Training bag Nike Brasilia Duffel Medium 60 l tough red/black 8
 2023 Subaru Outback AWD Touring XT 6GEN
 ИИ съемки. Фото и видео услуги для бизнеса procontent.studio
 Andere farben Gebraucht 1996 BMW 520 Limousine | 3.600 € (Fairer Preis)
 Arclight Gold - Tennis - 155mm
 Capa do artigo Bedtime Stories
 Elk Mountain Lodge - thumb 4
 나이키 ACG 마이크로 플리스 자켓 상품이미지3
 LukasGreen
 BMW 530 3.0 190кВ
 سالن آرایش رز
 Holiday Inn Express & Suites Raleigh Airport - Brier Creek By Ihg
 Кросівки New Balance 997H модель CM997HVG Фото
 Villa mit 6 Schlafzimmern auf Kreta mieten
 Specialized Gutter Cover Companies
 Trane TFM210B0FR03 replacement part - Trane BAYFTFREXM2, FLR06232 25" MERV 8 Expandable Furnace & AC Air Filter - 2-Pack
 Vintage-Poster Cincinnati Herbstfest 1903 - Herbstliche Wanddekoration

* **Task statement**: Retype all the data, changing nothing.

* **Exercise response**:
Training bag Nike Brasilia Duffel Medium 60 l tough red/black 8
 2023 Subaru Outback AWD Touring XT 6GEN
 ИИ съемки. Фото и видео услуги для бизнеса procontent.studio
 Andere farben Gebraucht 1996 BMW 520 Limousine | 3.600 € (Fairer Preis)
 Arclight Gold - Tennis - 155mm
 Capa do artigo Bedtime Stories
 Elk Mountain Lodge - thumb 4
 나이키 ACG 마이크로 플리스 자켓 상품이미지3
 LukasGreen
 BMW 530 3.0 190кВ
 سالن آرایش رز
 Holiday Inn Express & Suites Raleigh Airport - Brier Creek By Ihg
 Кросівки New Balance 997H модель CM997HVG Фото
 Villa mit 6 Schlafzimmern auf Kreta mieten
 Specialized Gutter Cover Companies
 Trane TFM210B0FR03 replacement part - Trane BAYFTFREXM2, FLR06232 25" MERV 8 Expandable Furnace & AC Air Filter - 2-Pack
 Vintage-Poster Cincinnati Herbstfest 1903 - Herbstliche Wanddekoration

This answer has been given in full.